When Mr. Fryberg was promoted he signed a document acknowledging the “at will” status of his employment during the probationary period in the new position. That document stated, in part, as follows:
5 NICS App. 67, SHELDON v. TULALIP (July 1998) p. 72
Additionally, during your initial 180 days of employment in this position, you will be placed on probationary status. During this initial probationary period, your employment is AT WILL and you may be released at any time without cause. Advancement to regular status is contingent upon successful completion of the introductory probationary period.
Fryberg v. Tulalip Casino, supra, at p.4. In the case before us, the Appellant has asserted that she had no knowledge that she could be terminated at-will during the probationary period if she accepted the promotion. During the trial court proceedings, the court asked the Appellant’s spokesperson whether Ms. Sheldon was subject to a mandatory 180 day probationary period when she accepted the new position. The Appellant’s representative responded as follows:
She would be subject to it, but she should have been informed. She should have been informed at the time that she was offered the position so that she could adequately consider all the elements of the change that she was about to make. . . .
Transcript of Motion for Reconsideration of September 30, 1997, p.14, lines 11-14.
It is arguable that such a disclosure might be considered a crucial element in the transfer or promotion of regular employees. While this Court believes that it is certainly a better practice to notify regular employees that they will lose valuable rights in employment by accepting a promotion or transfer for the first 180 days in that new position, the case before us is not a case where employment was terminated for no reason.

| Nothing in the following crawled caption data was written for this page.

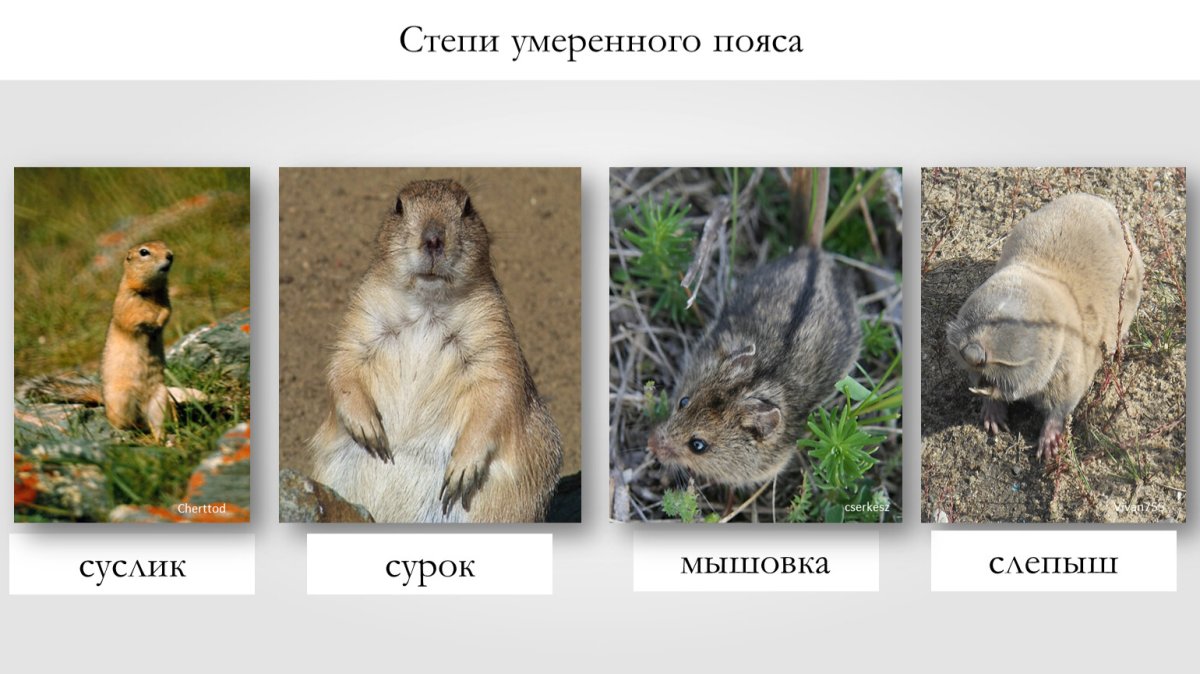 Животные Степной зоны России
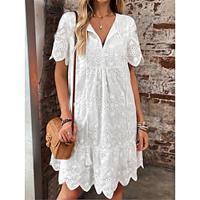 Women's White Dress Lace Dress Casual Dress Mini Dress Lace Eyelet Street Date Streetwear Basic V Neck Short Sleeve White Blue Fuchsia Color Lightinthebox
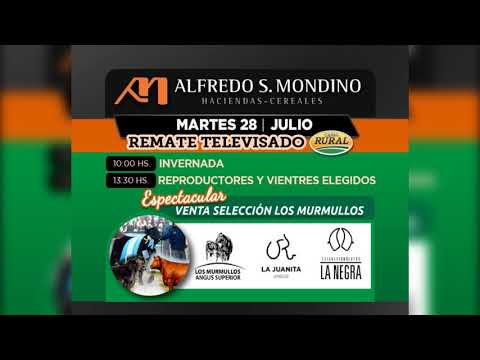 Próximos remates de Alfredo S. Mondino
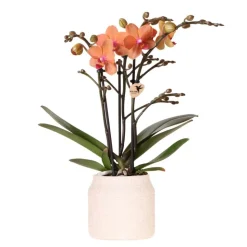 EXOTENHERZ - Kolibri orchids orchidée orange bolzano + hieroglyph zierpot off white - taille de pot 9cm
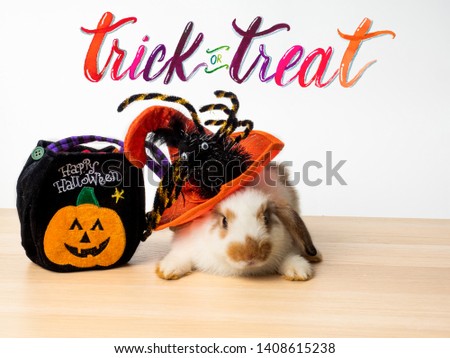 Cute little rabbit with Halloween witch's hat decorated with big spider, and black cloth bag with pumpkin design put next to bunny. Trick or Treat hand written calligraphy painted with watercolor.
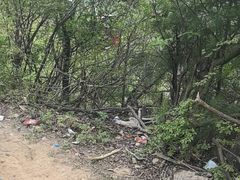 -王顺山国家森林公园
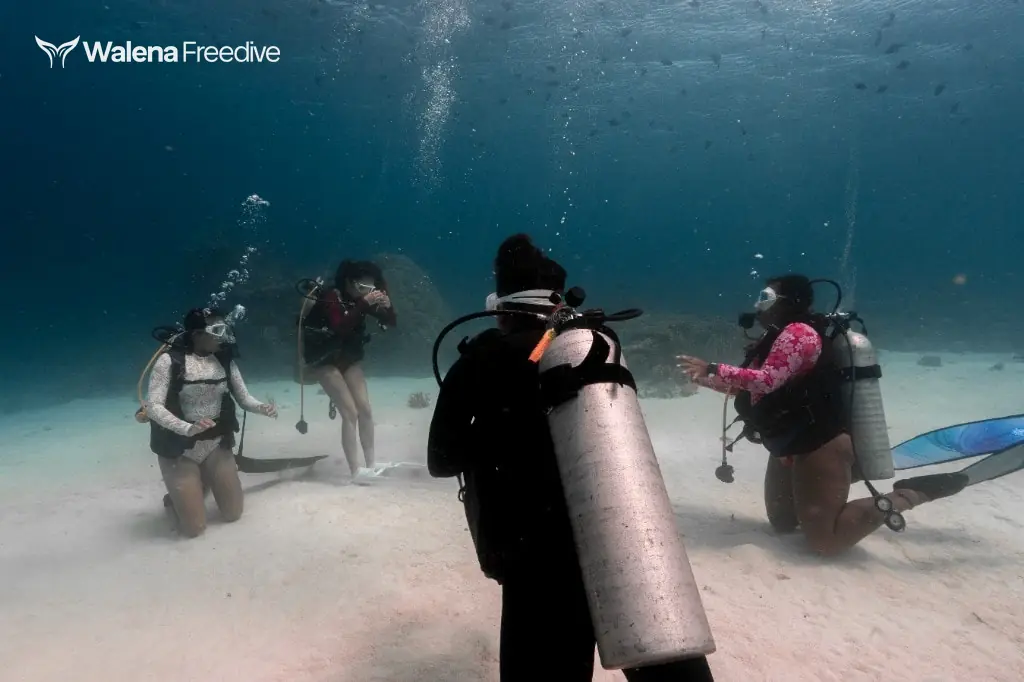 Sesi freediving di kolam dan open water bersama Walena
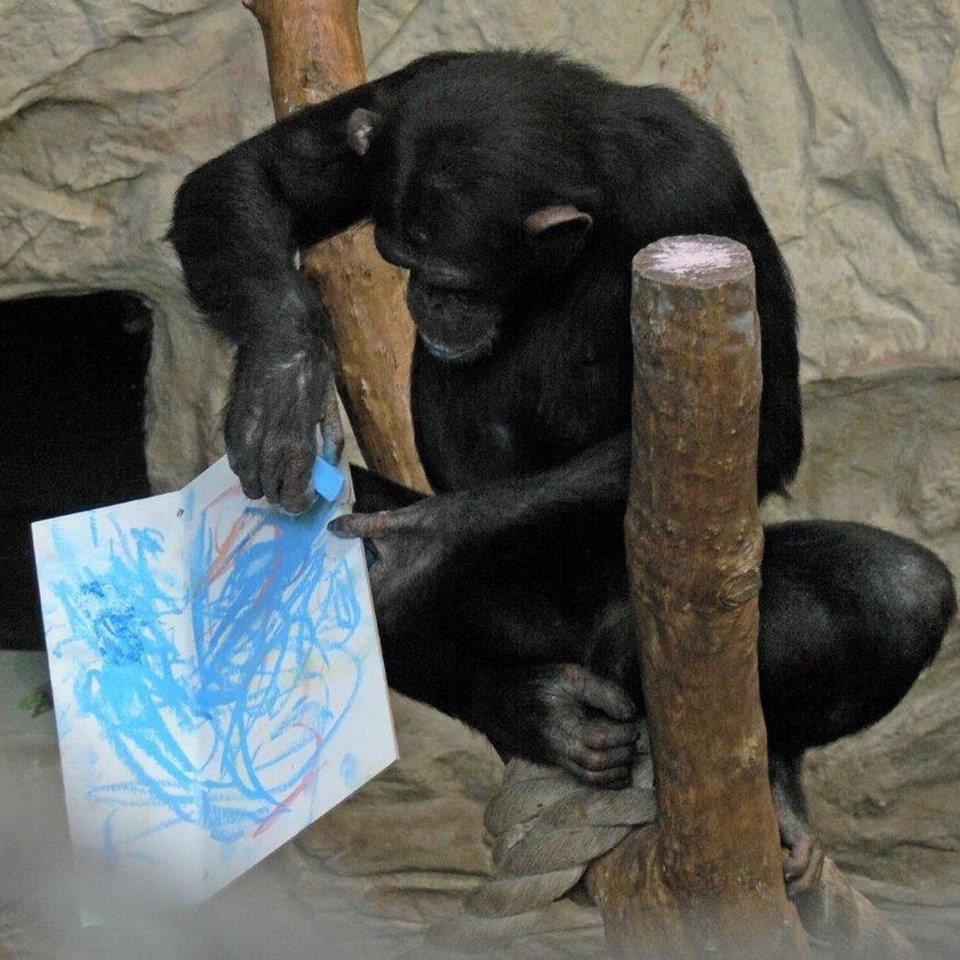 Şempanze ressam oldu, eserleri açık artırmaya çıkacak - 1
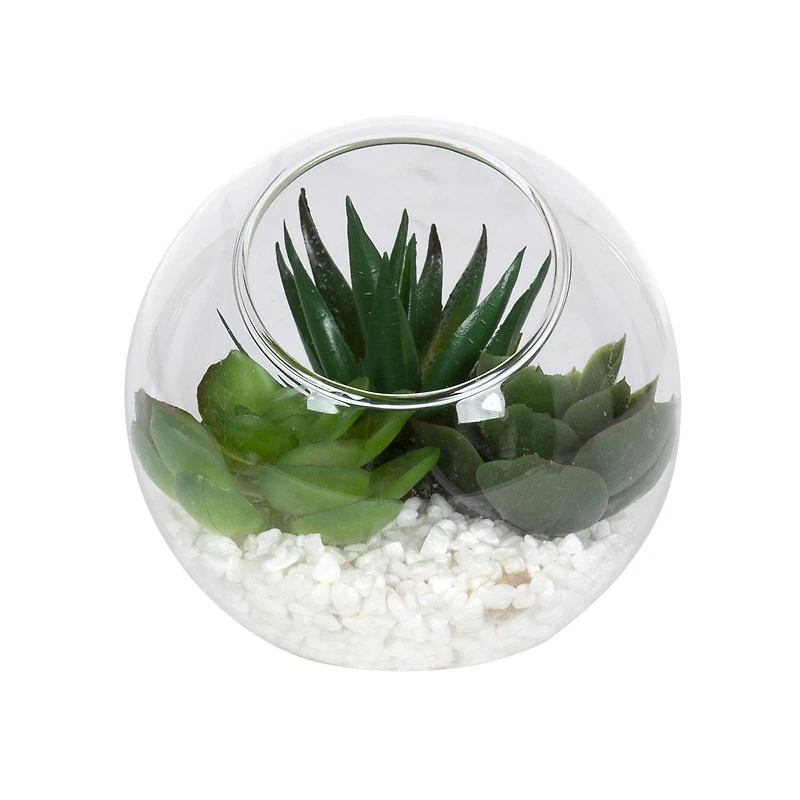 DesignOvation 3.75"H Angled Glass Globe Succulent Terrarium, 3.81in W x 3.75in H x 3.81 in D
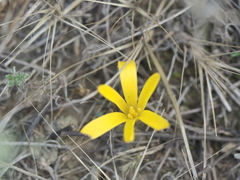 Sternbergia colchiciflora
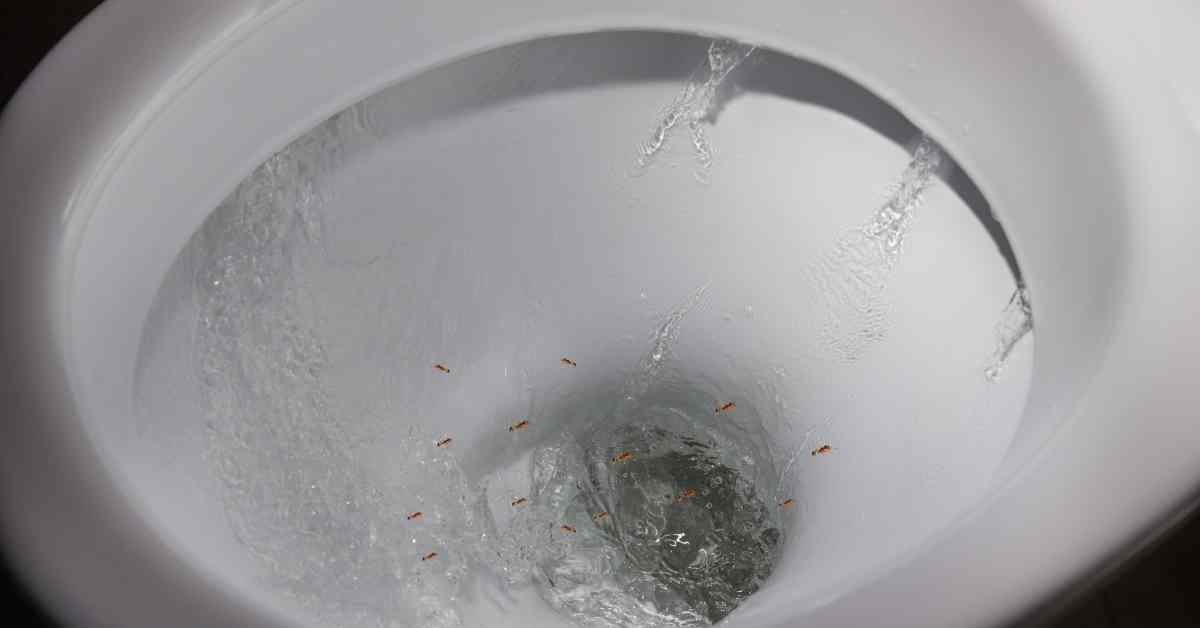 Can Ants Survive Being Flushed Down The Toilet?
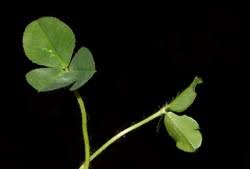 Image result for Trifolium semipilosum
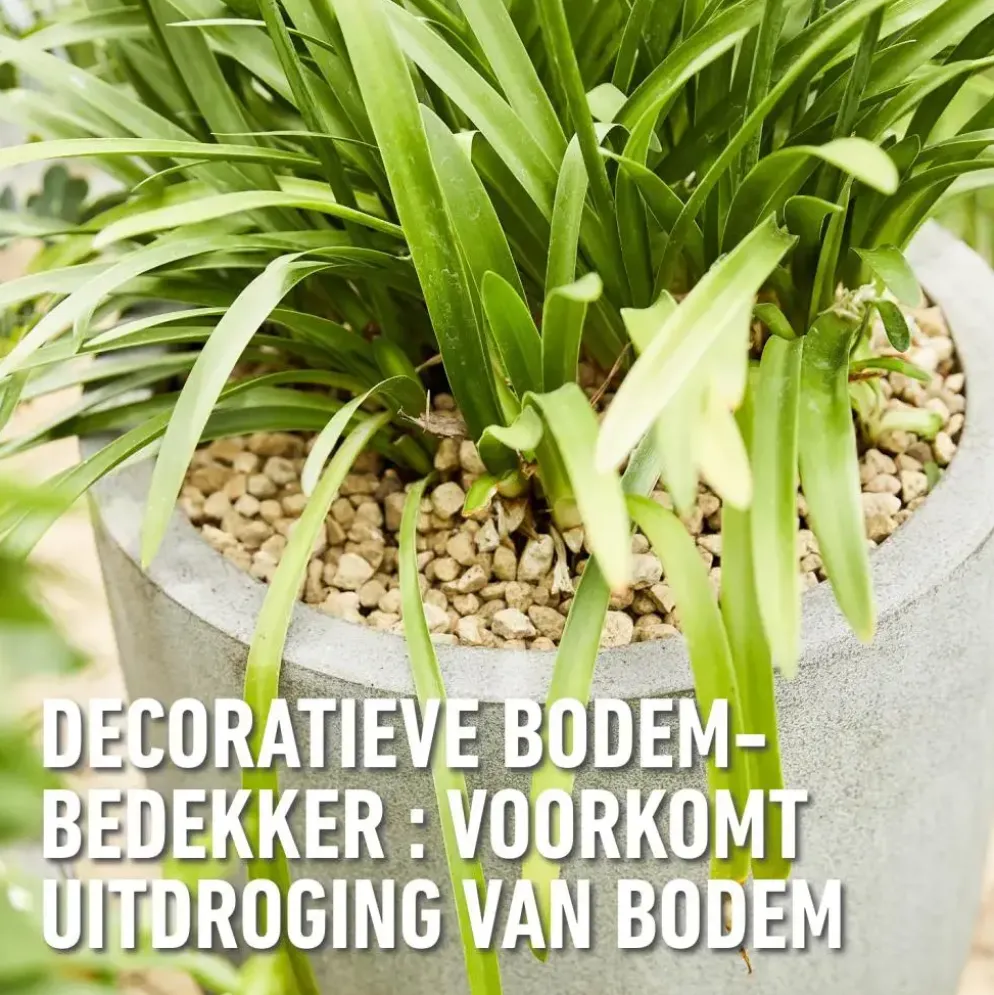 Compo Bio Granuplant Hydrokorrels 10l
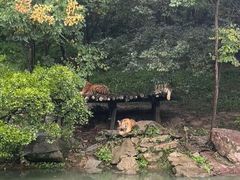 -宁波野生动物园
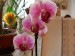 orchideje polovina dubna 2009 016_resize.jpg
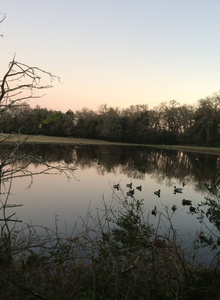 10BIGFINGERS photo 1321300 thumbnail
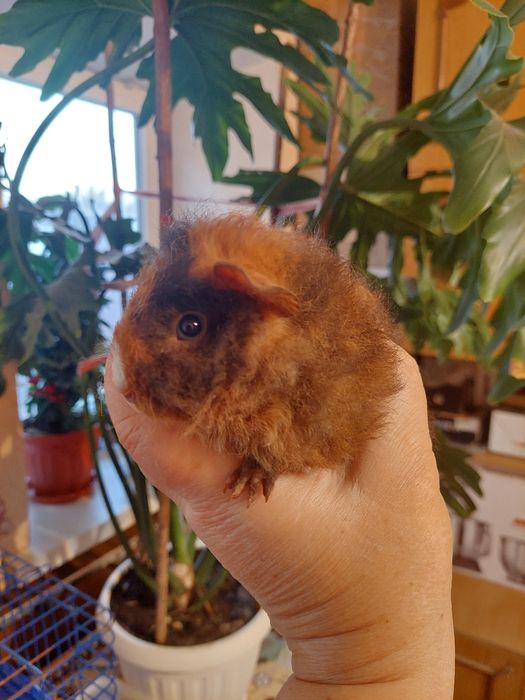 Продам красивых маленьких морских свинок! Породы "Тексель"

Ms. Sheldon was terminated because she failed to pass a urinalysis test. See Letter of Termination dated July 22, 1997. This is not disputed by the Appellant. Intoxication or being under the influence of alcohol or illegal drugs during work time is a major offense, which justifies dismissal. HRO 84, §§IX(C)(4) and IX(D)(2)(f,g). Cause did exist for Ms. Sheldon’s termination. As noted above, during the probationary period no cause is needed to terminate a transferred or promoted employee. The urinalysis test was conducted presumably pursuant to the authority contained in HRO 84, §VI(J). This provision requires all tribal employees at the time of hiring or promotion to sign an agreement permitting random testing for controlled substances by urinalysis.
In light of the fact that evidence exists to support a termination based upon cause, this Court finds it unnecessary to determine whether Ms. Sheldon’s constitutional right under Article VII, § 2 of the Tulalip Constitution (which affords to all members of the tribe equal opportunities to participate in the economic resources and activities of the reservation) was violated in this case due to the failure of the tribes to notify Ms. Sheldon that if she accepted the transfer she would revert to employment “at will” status for the first 180 days in the new position.
5 NICS App. 67, SHELDON v. TULALIP (July 1998) p. 73
VIII. SUMMARY
Based upon the foregoing, this Court cannot find that the decision of the Employment Court was arbitrary, capricious, or unsupported by substantial evidence. Therefore, the decision of the Employment Court is affirmed.